Décédé le 13 novembre dernier, celui que l’on surnommait “l’éternel second” a marqué l’histoire du sport français. Adulé par le public pour ses défaites sportives, “Poupou” possédait pourtant un palmarès digne des plus grands.
L’histoire paraît-il, ne retient que les vainqueurs. Pourtant, depuis 1962, date du premier podium sur le Tour de France de celui que l’on surnommait “l’éternel second”, pas une seule édition de la Grande Boucle ne s’est passée sans que son nom n’apparaisse. Poulidor, si connu du grand public, est devenu un nom commun pour qualifier ceux qui, en sport ou ailleurs, terminent à la seconde place. Homme humble et discret, il s’est forgé une place dans le coeur des Français non pas à cause de ses succès mais grâce à ses déboirs. Un poignet cassé en 1962, une moto faucheuse en 1968, ou encore un maillot jaune raté pour huit dixième de seconde en 1973, le sort ne l’aura pas épargné. Au fil des dix huit saisons qu’il passa dans le peloton professionnel, le Limousin devint “l’éternel second”.
Beau perdant
Il faut tout de même préciser que Poupou s’est mesuré à de sacrés athlètes. Jacques Anquetil fut son plus beau rival sur la route, tout comme les Merckx, Van Impe, Zoetemelk et consorts… À trois reprises, il échoua à la seconde place sur la Grande Boucle. Cinq fois sur la troisième. Une ribambelle de podiums qui constitue encore à l’heure actuelle le record sur la plus grande épreuve cycliste du monde. Cette course a toujours été la compétition de référence pour les Français, et c’est à travers elle que s’est construite la légende Poulidor. Celle de l’éternel second qui se donne corps et âme pour décrocher un des seuls titres qui lui manquait au palmarès.
Une machine à gagner
Derrière cette légende du beau perdant, se cache pourtant une montagne de succès. En effet, ce sont 189 victoires que le cycliste français a amassé durant sa carrière au sein de l’équipe Mercier pour laquelle il est resté fidèle. Plus de quarante ans après sa retraite sportive, c’est une réelle contradiction qui définit ce coureur brun aux mollets saillants. “Si j’avais gagné le Tour ne serait-ce qu’une fois, on n’aurait jamais parlé de moi”. Une réalité qui pose un voile sur une liste interminable de succès. 189 en tout, dont Milan San Remo en 1961, la Flèche Wallonne en 1963 et le Tour d’Espagne en 1964 pour ne citer que celles-là. Sans jamais avoir porté le maillot jaune, Poulidor peut tout de même s’enorgueillir d’avoir remporté sept étapes sur la Grande Boucle, ainsi que Paris-Nice et le critérium du Dauphiné à deux reprises. La liste est encore longue, mais ces triomphes classe le bonhomme aux sommets. Néanmoins, il ne s’était jamais caché, “je manque beaucoup d’ambition. Dès mes débuts, je me suis contenté d’une cinquième place, ou d’un podium”.
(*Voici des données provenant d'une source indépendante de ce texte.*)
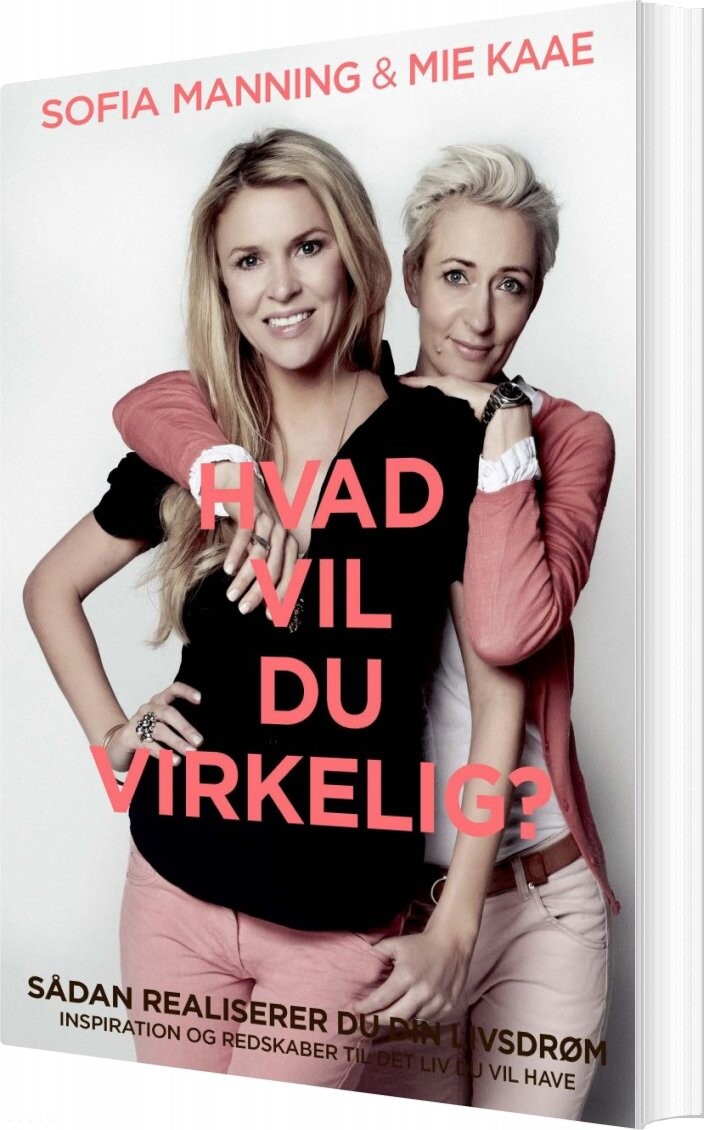 Billede af Hvad Vil Du Virkelig? - Sofia Manning - Bog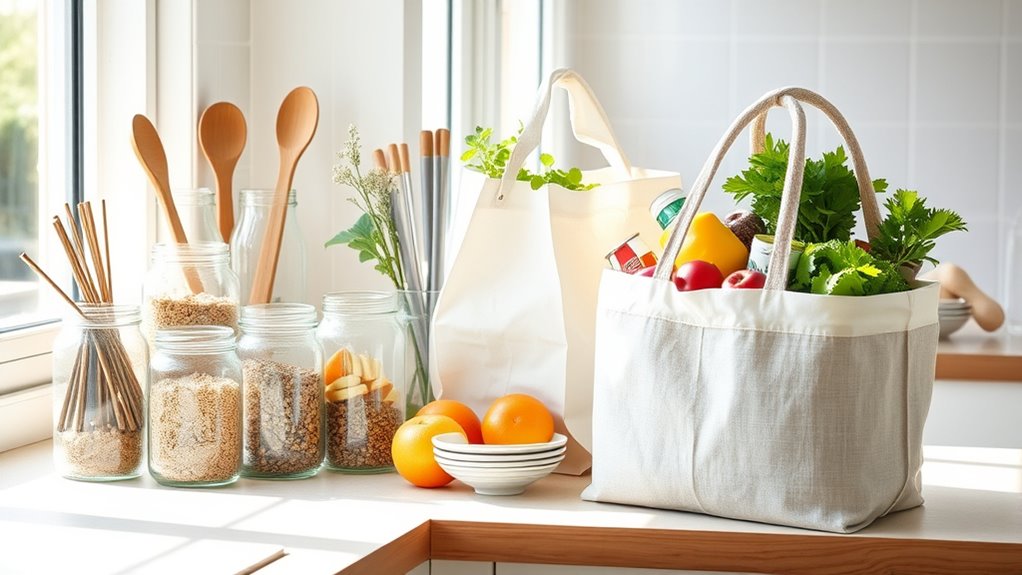 reduce waste live sustainably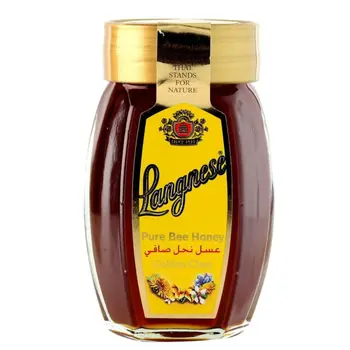 Langnese Golden Clear Pure Bee Honey 125g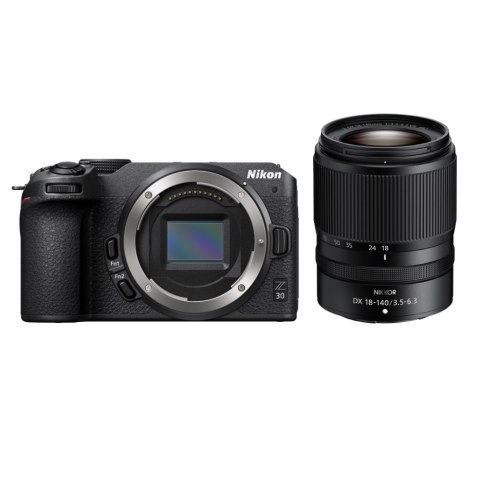 Nikon Z30 kit w/18-140 Nikon Z30 kit w/18-140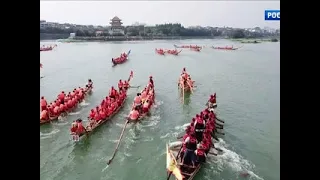 Праздник драконьих лодок проходит в Китае - Вести 24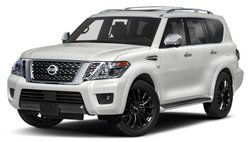 2020 Nissan Armada Platinum
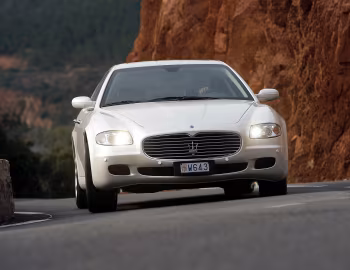 Maserati Quattroporte (M139) '2004–08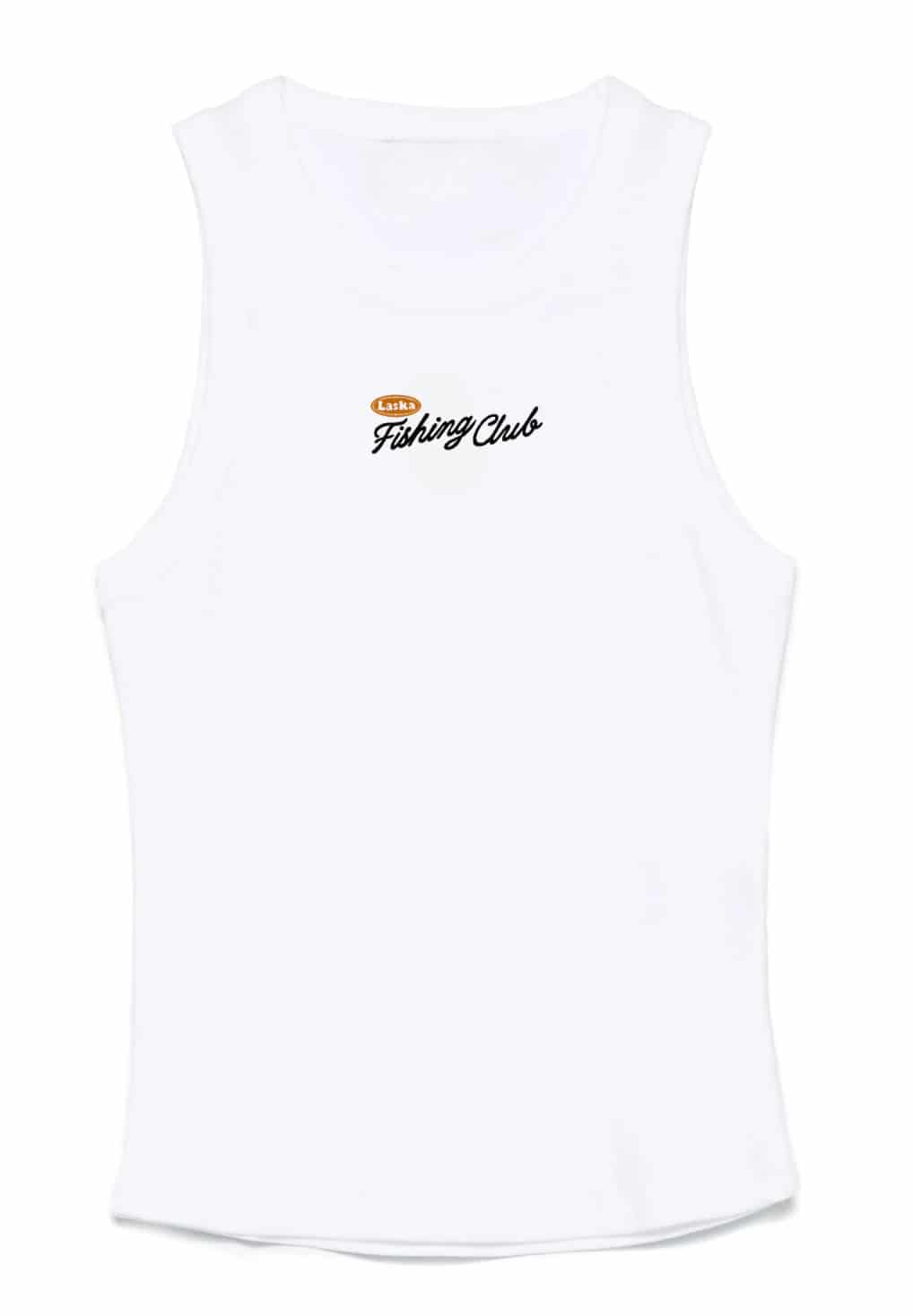 Tanktop Fishing Club Blanco - miniatura 1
« Ses défaites ont plus marqué le public que ses victoires«
Celui que l’on surnommait aussi la “Pouliche” n’avait donc pas un grand appétit pour les victoires. Pierre-Louis Castelli, ancien chroniqueur radio pour France Inter et RMC, explique le paradoxe qui a fait la carrière de Poulidor : “Raymond était adulé non pas parce qu’il remportait de nombreuses courses mais parce que les Français adoraient les beaux perdants. Ses défaites ont plus marqué le public que ses victoires”. En 2020, la caravane du Tour de France lui rendra un dernier hommage. En effet, la douzième étape traversera le village de Saint-Léonard-de-Noblat en Haute-Vienne, où vivait “Poupou” depuis de nombreuses années. Il ne fait pas de doute que ce jour-là, l’éternel second sera alors le premier dans le coeur des Français.